Lacustrine Paleoecological Records and Modern Training Sets from Lake Malawi: Implications for African Paleoclimate and Connections to Human Prehistory

Abstract

African climate changed considerably throughout the Pleistocene (2.588 million (Ma) to 12 thousand years ago (ka)). The timing, rate, and magnitude of past climate change across the continent impacted the evolutionary and migratory history of many mammalian species, including hominins. Investigating paleoclimatic variability through time at local and regional scales allows for an assessment of the extent to which climate change affected hominin evolution in Africa. This dissertation presents three approaches for increasing the understanding of past climate change in Africa. One method is to critically synthesize the existing literature of African climate (n=85) and hominid demography (n=64) over a restricted time frame (150 ka to 30 ka) and specific spatial scale (regional). Results from this study are two-fold: 1) climate change in Africa during this period was variable by region, responding to different climate-forcing mechanisms, and 2) changes in population and climate were asynchronous and likely created alternating opportunities for migration into adjacent regions, including hominin migrations out of Africa (~140-80 ka). The second approach is to evaluate modern ecological relationships between species and their environment to better quantify interpretations of paleoecological records. A modern distribution study of 33 ostracode species from 104 sites in the southwest arm of Lake Malawi suggest that depth-dependent variables likely define species niches. Relationships between ostracodes, fish and the green algae Botryococcus, were used to inform the paleoecological interpretations in the third study of this dissertation.
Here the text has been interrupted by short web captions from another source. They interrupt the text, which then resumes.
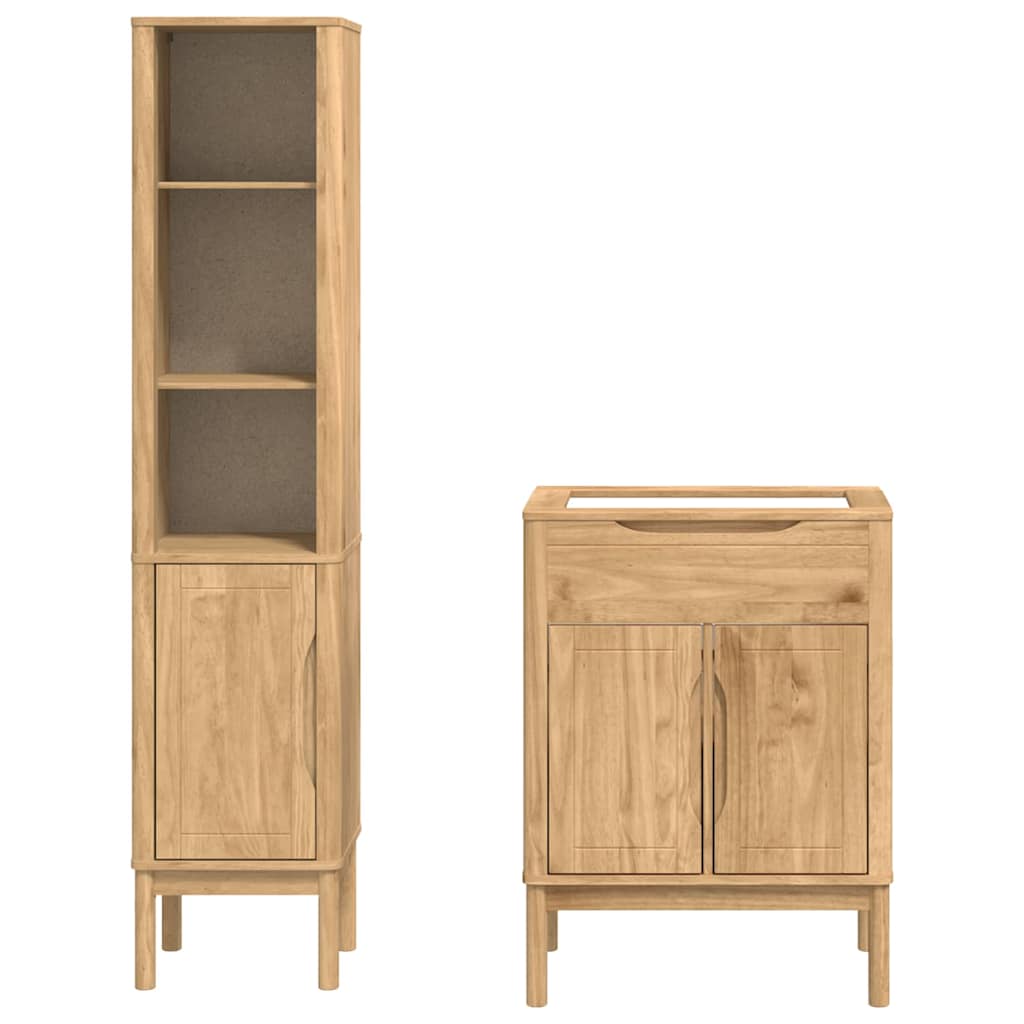 vidaXL Badezimmermöbel-Set FLORO 2 pcs Wachsbraun Massivholz Kiefer
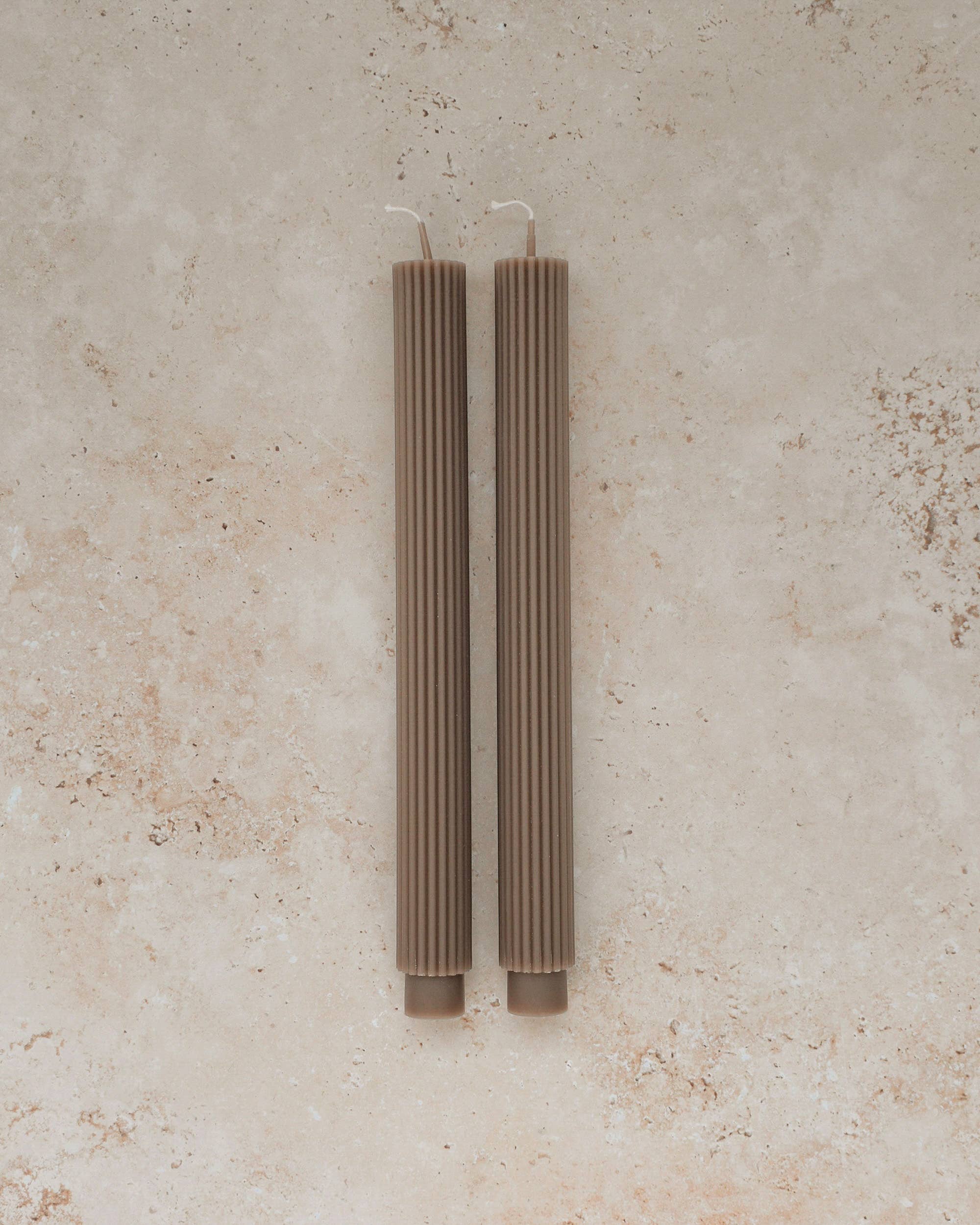 Taupe Roman Taper Candle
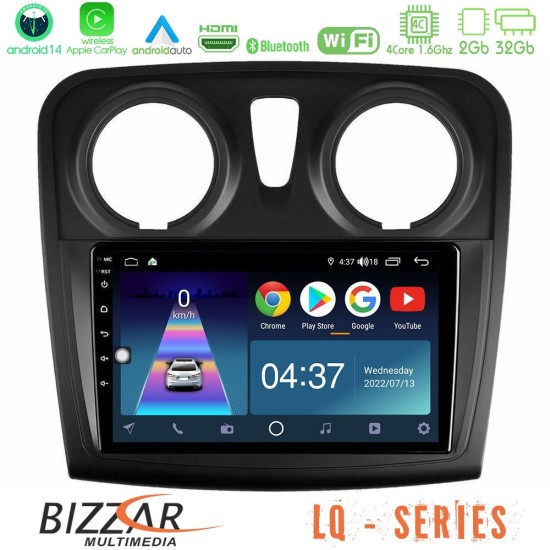 Bizzar LQ Series 4Core Android14 2+32GB    Dacia Dokker 2014-2021 Navigation Multimedia Tablet 9"  Με Carplay & Android Auto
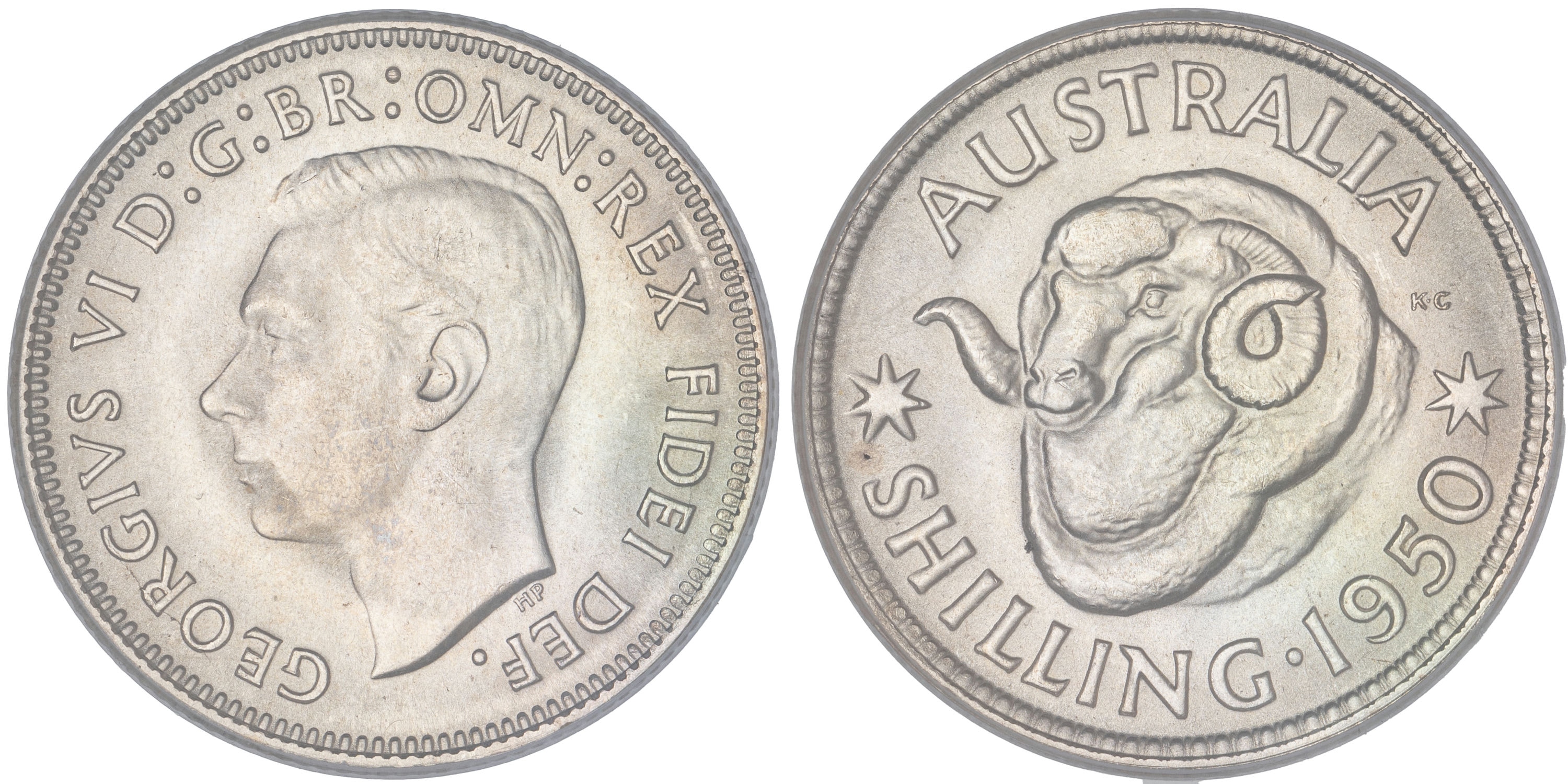 George VI, Shilling, 1950, PCGS MS65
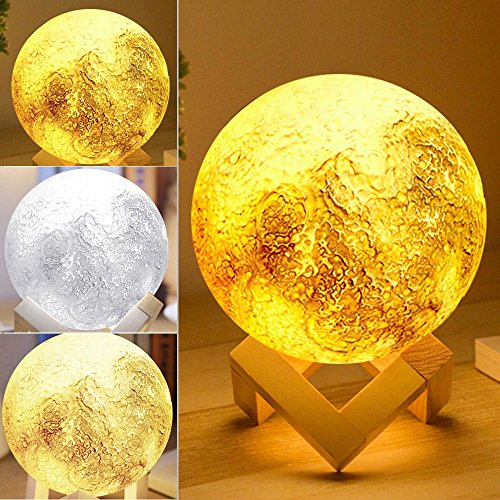 Preisvergleich Produktbild Moon Lamp, Sayou® 3D Bedruckte Mondlampe / Nachtlicht / Mond Lampe Nachtlampe / Tischlampen , Geschenk für Freunde Auf Weihnachten Und Geburtstag (5.1 Inch)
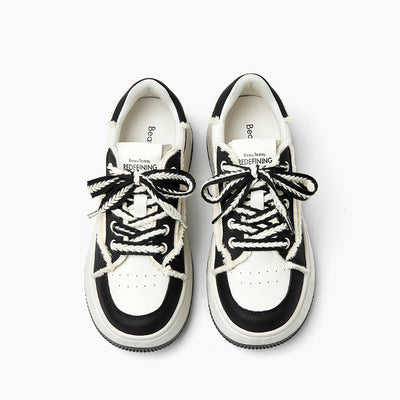 BeauToday Women's Mixed Color Lace Up Platform Sneakers with Breathable Air Sole BEAU TODAY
Additional results suggest that macrocharcoal is likely delivered to the lake basin via river rather than wind-borne methods. The third approach involves primary analysis of climatic indicators from the sedimentary record to chronicle paleoecological and paleoenvironmental change at the basin scale through time. Results from a 380.7 meter-long sediment core recovered from Lake Malawi indicate a change of state likely caused by local tectonism, which affected ostracode assemblages, but had little effect on lake level history through time. Furthermore, the local hydroclimate of Lake Malawi alternately covaried with global glacial/interglacial cycles and local insolation maxima over the past 1.25 Ma. The magnitude and frequency of hydroclimatic variability in the watershed will be further assessed in future research.